Consensus from traditional equity analysts
Several major data providers show a neutral/hold consensus with modest upside:
- MarketBeat:
- Rating: “Hold” based on 11 analysts (1 Sell, 9 Hold, 1 Buy)
- Average 12‑month price target: $143, implying roughly 9.8% upside from around $130
- Target range: $124 – $160 [30]
- StockAnalysis:
- Rating: “Hold” from 10 analysts
- Average target: $143.3, about 10% above current trading levels
- Target range: $124 – $160
- Snapshot metrics: P/E 22.86x, forward P/E 21.65x, dividend yield 2.54%, beta 0.75 [31]
- Investing.com:
- Overall consensus: “Neutral”
- Breakdown: 3 Buy, 9 Hold, 2 Sell (11 analysts)
- Average price target: ~$142.09 with a range of $117 – $157, implying around 9% potential upside from ~ $130 per share. [32]
Zacks mirrors this stance, assigning American Water a “Hold” rating and flagging its valuation as relatively rich versus growth metrics, even after the Q3 beat. [33]
Quant and technical services: mixed to negative near term
Quantitative and technical‑analysis platforms are more cautious:
- One AI‑driven service (Intellectia) currently grades AWK as a “Strong Sell candidate” on technical grounds, citing multiple bearish indicators (negative momentum and MACD readings) and only one short‑term bullish signal. [34]
- The same service – using chart pattern similarity – bizarrely projects a 191.7% price jump over the next month, targeting around $379 per share, but also warns that AWK is in a falling trend and likely to perform weakly in coming weeks. [35]
Such extreme short‑term projections are highly speculative and should be treated as curiosities rather than base cases, especially for a regulated water utility whose fundamentals typically evolve gradually.
6. Valuation: premium P/E, divided fair‑value models
Is American Water stock under‑ or overvalued at around 22–23x earnings? Recent research highlights a wide spread of fair‑value estimates.
Arguments for undervaluation
A recent Simply Wall St analysis (widely republished via finance portals) highlights a “Most Popular Narrative”assigning American Water a fair value of $143.78, compared to a reference share price of $132.74, implying the stock is about 7–8% undervalued. [36]

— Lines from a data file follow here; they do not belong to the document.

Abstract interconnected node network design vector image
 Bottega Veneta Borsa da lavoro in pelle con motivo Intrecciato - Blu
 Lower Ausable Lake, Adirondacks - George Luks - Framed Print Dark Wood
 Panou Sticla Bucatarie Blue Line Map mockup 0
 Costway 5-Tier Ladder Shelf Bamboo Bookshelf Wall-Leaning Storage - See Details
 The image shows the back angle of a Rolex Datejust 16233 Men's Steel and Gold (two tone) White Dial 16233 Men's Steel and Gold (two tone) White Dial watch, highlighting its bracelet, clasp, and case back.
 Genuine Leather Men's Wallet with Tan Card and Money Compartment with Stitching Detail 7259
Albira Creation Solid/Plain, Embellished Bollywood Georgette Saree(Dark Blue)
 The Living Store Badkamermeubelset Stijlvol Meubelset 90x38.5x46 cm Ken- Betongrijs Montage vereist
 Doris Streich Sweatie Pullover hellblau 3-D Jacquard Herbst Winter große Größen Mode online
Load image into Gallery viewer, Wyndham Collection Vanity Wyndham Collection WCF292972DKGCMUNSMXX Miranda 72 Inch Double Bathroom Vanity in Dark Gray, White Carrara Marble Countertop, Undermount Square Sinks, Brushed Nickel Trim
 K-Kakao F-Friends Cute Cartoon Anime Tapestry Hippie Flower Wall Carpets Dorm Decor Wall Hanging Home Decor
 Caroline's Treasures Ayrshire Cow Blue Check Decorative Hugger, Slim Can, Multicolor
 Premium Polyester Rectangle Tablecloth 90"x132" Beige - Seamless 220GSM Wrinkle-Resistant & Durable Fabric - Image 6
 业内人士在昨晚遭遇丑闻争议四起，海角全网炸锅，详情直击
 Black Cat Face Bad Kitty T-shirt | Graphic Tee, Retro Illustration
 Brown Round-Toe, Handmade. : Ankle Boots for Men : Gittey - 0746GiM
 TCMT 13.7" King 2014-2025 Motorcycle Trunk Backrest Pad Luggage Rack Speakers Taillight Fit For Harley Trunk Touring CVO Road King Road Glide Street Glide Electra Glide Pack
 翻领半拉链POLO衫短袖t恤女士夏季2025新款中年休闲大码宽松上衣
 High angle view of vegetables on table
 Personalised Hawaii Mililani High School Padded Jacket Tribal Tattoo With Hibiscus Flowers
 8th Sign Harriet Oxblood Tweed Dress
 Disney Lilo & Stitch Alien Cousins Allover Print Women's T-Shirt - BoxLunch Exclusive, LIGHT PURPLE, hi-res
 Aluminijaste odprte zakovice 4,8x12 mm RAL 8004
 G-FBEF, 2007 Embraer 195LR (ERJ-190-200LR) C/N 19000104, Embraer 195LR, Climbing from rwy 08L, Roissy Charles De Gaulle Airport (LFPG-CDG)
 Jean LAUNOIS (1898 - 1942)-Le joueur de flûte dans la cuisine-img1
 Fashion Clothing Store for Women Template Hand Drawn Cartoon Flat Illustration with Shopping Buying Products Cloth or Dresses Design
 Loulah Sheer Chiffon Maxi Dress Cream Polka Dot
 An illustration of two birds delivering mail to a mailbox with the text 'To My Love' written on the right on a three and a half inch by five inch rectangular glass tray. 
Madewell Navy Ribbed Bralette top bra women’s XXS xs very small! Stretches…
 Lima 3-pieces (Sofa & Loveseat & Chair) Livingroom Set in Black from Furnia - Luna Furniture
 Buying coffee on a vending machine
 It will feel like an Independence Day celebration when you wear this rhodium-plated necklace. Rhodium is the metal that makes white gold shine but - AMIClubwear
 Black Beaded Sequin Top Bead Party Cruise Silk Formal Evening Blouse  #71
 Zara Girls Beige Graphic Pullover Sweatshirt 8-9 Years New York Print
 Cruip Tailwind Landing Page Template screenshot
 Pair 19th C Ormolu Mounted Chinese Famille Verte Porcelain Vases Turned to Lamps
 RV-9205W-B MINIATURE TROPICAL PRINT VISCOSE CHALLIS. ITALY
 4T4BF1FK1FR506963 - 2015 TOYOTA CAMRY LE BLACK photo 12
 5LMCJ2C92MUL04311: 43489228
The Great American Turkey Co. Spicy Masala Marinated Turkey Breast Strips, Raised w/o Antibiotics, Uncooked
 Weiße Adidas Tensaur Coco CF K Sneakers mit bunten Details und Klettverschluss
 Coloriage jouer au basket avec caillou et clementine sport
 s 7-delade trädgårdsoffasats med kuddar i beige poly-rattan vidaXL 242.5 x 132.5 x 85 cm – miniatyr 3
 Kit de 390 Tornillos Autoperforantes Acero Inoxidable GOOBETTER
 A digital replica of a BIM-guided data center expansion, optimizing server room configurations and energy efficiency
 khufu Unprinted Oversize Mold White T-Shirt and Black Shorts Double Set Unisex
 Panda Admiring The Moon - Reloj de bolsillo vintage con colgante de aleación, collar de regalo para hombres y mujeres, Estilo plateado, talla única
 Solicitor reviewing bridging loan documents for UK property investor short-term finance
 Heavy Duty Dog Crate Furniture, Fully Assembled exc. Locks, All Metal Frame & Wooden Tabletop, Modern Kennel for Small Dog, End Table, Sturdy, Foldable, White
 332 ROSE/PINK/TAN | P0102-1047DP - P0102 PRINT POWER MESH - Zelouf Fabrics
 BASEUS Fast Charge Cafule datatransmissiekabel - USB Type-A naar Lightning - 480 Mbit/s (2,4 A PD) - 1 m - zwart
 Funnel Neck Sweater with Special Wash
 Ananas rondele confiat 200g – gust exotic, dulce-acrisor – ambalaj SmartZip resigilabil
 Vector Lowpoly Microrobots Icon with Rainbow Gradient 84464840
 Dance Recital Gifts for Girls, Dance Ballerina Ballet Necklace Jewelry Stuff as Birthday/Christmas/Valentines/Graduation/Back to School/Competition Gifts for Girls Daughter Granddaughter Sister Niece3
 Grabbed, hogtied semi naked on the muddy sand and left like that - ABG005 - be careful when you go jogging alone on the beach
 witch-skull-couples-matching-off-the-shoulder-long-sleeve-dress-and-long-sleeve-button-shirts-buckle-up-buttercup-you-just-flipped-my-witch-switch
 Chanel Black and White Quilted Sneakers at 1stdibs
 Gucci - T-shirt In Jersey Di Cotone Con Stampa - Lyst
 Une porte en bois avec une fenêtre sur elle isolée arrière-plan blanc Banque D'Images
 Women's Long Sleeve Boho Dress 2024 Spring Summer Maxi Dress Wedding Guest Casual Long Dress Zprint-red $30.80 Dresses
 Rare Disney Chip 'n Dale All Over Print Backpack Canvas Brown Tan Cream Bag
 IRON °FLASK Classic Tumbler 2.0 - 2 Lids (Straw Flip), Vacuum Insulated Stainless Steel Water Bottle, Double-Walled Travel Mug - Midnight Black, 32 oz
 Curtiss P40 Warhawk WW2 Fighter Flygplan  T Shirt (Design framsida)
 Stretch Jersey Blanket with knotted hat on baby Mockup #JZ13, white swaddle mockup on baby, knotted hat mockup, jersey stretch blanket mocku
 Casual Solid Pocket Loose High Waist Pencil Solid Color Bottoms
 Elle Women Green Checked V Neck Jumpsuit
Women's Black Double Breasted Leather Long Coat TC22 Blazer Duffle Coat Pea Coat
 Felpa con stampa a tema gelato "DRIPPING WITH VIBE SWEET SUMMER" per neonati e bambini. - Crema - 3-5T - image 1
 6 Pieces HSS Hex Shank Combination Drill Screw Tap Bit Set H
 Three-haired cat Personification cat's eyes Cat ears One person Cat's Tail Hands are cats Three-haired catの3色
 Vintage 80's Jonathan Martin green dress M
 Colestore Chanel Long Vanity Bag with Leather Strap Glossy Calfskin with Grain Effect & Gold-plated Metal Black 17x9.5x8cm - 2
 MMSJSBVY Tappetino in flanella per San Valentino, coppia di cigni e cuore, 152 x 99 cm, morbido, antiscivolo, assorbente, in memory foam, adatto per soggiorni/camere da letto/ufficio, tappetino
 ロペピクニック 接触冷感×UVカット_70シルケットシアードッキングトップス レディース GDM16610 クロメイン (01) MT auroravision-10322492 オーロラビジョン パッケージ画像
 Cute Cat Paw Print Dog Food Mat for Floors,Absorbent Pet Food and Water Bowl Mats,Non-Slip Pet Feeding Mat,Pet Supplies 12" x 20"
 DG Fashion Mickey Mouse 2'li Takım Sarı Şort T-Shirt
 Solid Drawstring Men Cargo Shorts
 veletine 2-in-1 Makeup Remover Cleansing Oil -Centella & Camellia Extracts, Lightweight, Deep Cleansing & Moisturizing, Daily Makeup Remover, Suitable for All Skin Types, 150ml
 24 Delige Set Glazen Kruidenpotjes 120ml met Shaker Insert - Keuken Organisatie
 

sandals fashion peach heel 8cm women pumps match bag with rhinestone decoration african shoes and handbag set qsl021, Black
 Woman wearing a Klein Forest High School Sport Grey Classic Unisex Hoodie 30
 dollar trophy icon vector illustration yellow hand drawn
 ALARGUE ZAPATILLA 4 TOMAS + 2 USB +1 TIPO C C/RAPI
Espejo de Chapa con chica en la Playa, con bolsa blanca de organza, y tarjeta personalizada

The bullish narrative leans on:
- Steady regulated earnings growth, supported by population growth in key states
- A 2% acquired‑plus‑organic customer growth target, aided by acquisitions adding around 87,000 connections
- Long‑term capital investment that should expand the rate base and supports management’s 7–9% EPS growth target [37]
From this perspective, investors are paying up for strong fundamentals, a wide moat in regulated water assets, and predictable dividend growth.
Arguments for overvaluation
Other models see AWK as clearly expensive:
- A Simply Wall St valuation piece (via Sahm Capital) applies a Dividend Discount Model (DDM) using:
- Annual dividend per share: $3.77
- Payout ratio: 56.2%
- Long‑term dividend growth rate: 3.26%
- Resulting intrinsic value: $101.97 per share
- ValueInvesting.io uses Peter Lynch’s fair‑value rule of thumb (earnings growth × EPS) and estimates fair value at $95.40, implying roughly −27% downside from $130.07. That analysis notes a 5‑year average earnings growth of ~16.7% but still classifies AWK as “not a good investment” at current levels given the gap to its fair‑value estimate. [39]
Across these models, P/E sits in the low‑20s, comfortably above many water‑utility peers, whose average P/E is cited closer to the high‑teens. [40]
Why the spread?
The valuation dispersion boils down to assumptions about:
- Regulatory outcomes, especially in states like Pennsylvania
- Sustainability of 7–9% EPS and dividend growth in a rising‑rate world
- How much premium investors are willing to pay for essential, inflation‑linked, low‑beta cash flows
If you believe management’s capital plan and regulatory relationships will fully translate into that 7–9% EPS and DPS CAGR, paying low‑20s P/E for AWK can look reasonable. If you demand higher yields or view water utilities as ex‑growth at current prices, the DDM and Lynch‑style models make AWK look stretched.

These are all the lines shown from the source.